The atoms combine by colliding with each other. But what does this mean on atomic level. This situation refers to the process in which the two atoms comes so close to each other that they penetrate each other’s orbital and form a new hybridized orbital where the bonding pair of electrons reside. This hybridized orbital has lower energy than the atomic orbital and hence are stable. It is in the minimum energy state. This partial penetration of the orbital is known as orbital overlap.
The extent of overlap depends on the two participating atoms, their size and the valence electrons. In general, the greater the overlap, stronger is the bond formed between the two atoms. Thus, according to the orbital overlap concept, atoms combine by overlapping their orbital and thus forming a lower energy state where their valence electrons with opposite spin, pair up to form covalent bond.
The importance of orbital overlap was emphasized by Linus Pauling while explaining the molecular bond angles observed through experimentation and is the basis for the concept of orbital hybridization.
Directional Properties of bond
The molecular bond angles were explained through the directional properties of the bond. The molecule of hydrogen is formed by overlap of 1s orbital in head on collision.
Overlapping of Atomic Orbital
When two atoms come in contact with each other to form a bond, their overlap can be positive, negative or even zero depending upon the phase and sign of the two interacting orbital.
- Positive Overlapping of Atomic Orbital – When the phase of two interacting orbitals is same, then the overlap is positive and in this case, the bond is formed. The phase of the two interacting orbital (+ or -) comes from the sign of orbital wave function and is not related to the charge in any sense.
- Negative Overlapping of Atomic Orbital – When the phase of two interacting atomic orbital is opposite, then the overlap is negative and in this case, the bond is not formed.
- Zero Overlapping of Atomic Orbital – When the orientation of two interacting atomic orbital is such that there is no overlapping of the orbital, that is known as zero overlapping.

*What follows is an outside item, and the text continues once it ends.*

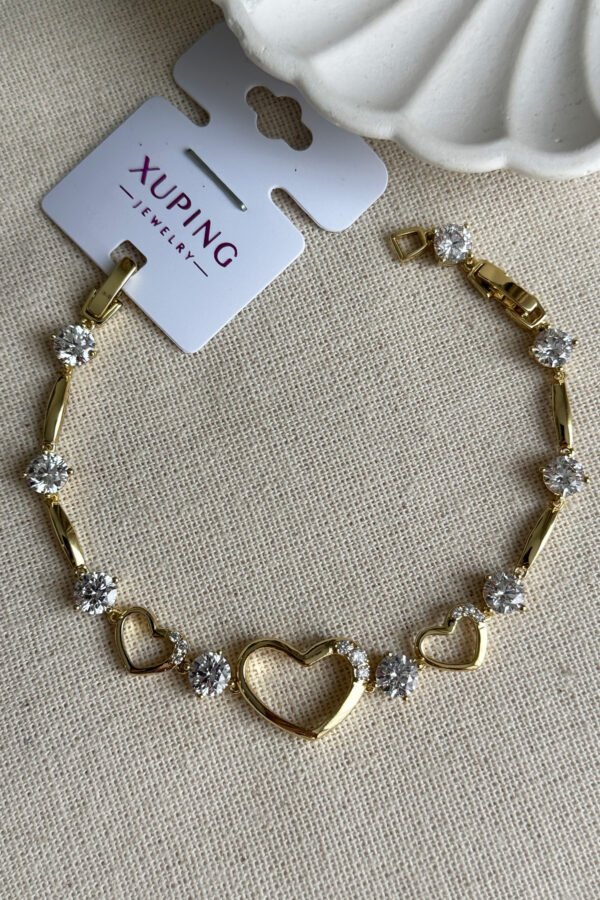 Alternative view of 17+2 Cm Xuping 14 K Taşlı Kalpli Kadın Bileklik Kararmaz Kadın Bileklik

Frequently Asked Questions – FAQs
Why do orbitals overlap?
Since they take up space, atomic orbitals overlap. An atomic orbital is a place of space where it is most possible that an electron will be detected. The two nuclei are attracted by the increased electron density and their repulsions are decreased. The outcome is that a covalent bond between H and Cl is formed.
What is positive overlap?
Positive Atomic Orbital Overlap-If the phase of two interacting orbitals is the same, the overlap is positive and the bond is formed in this situation. The step of the two interacting orbitals (+ or-) emerges from the sign of the function of the orbital wave and is in no way related to the charge.
What do you mean by zero overlap?
When two orbitals with separate phases intersect with each other, a negative phase overlap occurs. A zero overlap will result in orbitals not overlapping at all or not overlapping efficiently. A zero overlap between orbitals does not result in the forming of bonds.
What are orbital phases?
Orbitals are essentially mathematical functions that define complex patterns of standing waves that can be graphed on a graph but do not have any physical reality. An orbital process is a direct result of electrons’ wave-like properties.
What is meant by hybridization?
Orbital hybridization (or hybridization) in chemistry is the process of combining atomic orbitals into new hybrid orbitals (with different energies, sizes, etc., than atomic orbitals) suitable for pairing electrons in valence bond theory to form chemical bonds.